#### Data block:
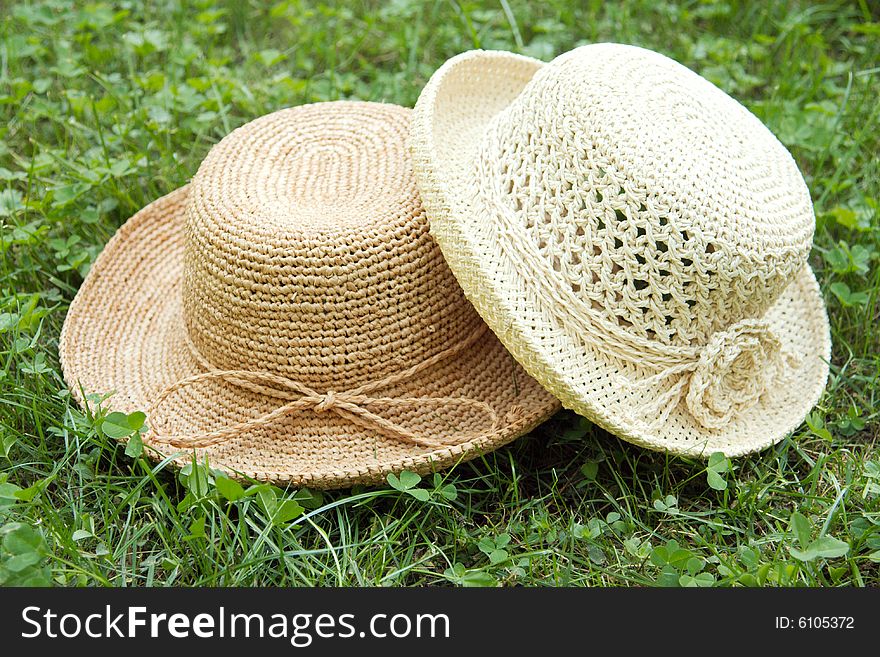 Pair of two straw raffia crocheted hats on grass. Pair of two straw raffia crocheted hats on grass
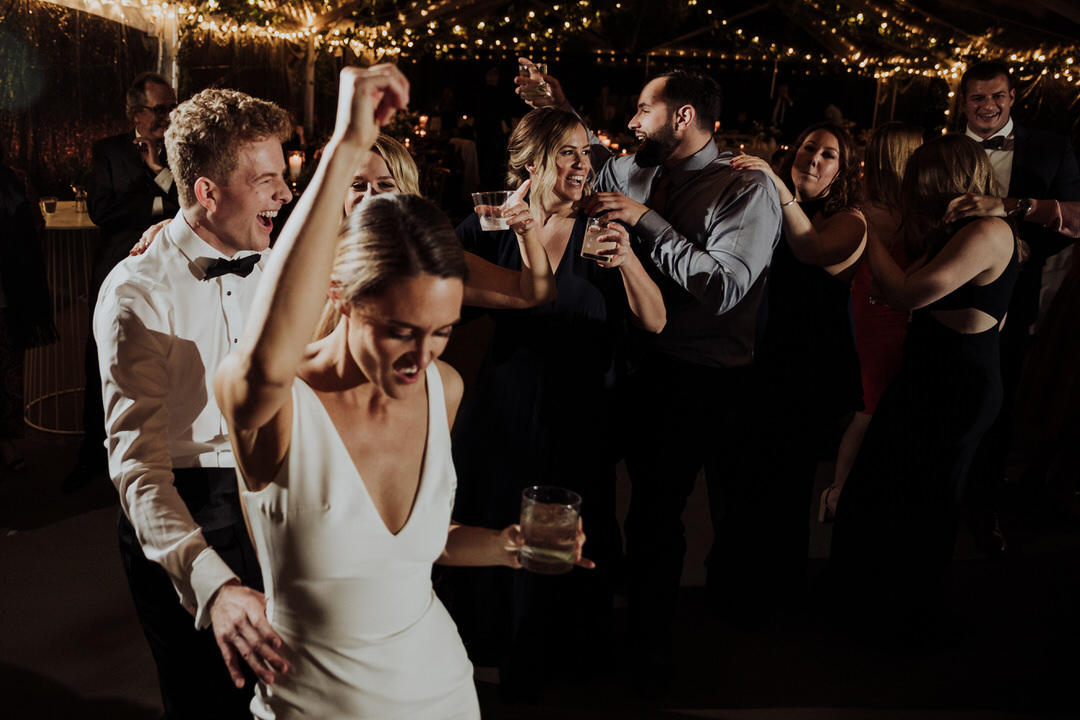 bride dancing with groom at their wedding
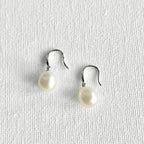 Natural Pearl Silver Hook Earrings featuring natural freshwater pearl, zircon and 925 sterling silver, gold-plated finish by Toronto-based Meng Jewellery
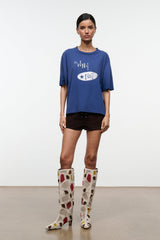 Tall suede patchwork boots on model, cream with red and brown heart motifs and low heel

#### What is expected:
Output the span from the line with "Natural Pearl Silver" through the last line of the data, inclusive and exact, and omit every picture.

#### Answer to this problem:
 Natural Pearl Silver Hook Earrings featuring natural freshwater pearl, zircon and 925 sterling silver, gold-plated finish by Toronto-based Meng Jewellery
 Tall suede patchwork boots on model, cream with red and brown heart motifs and low heel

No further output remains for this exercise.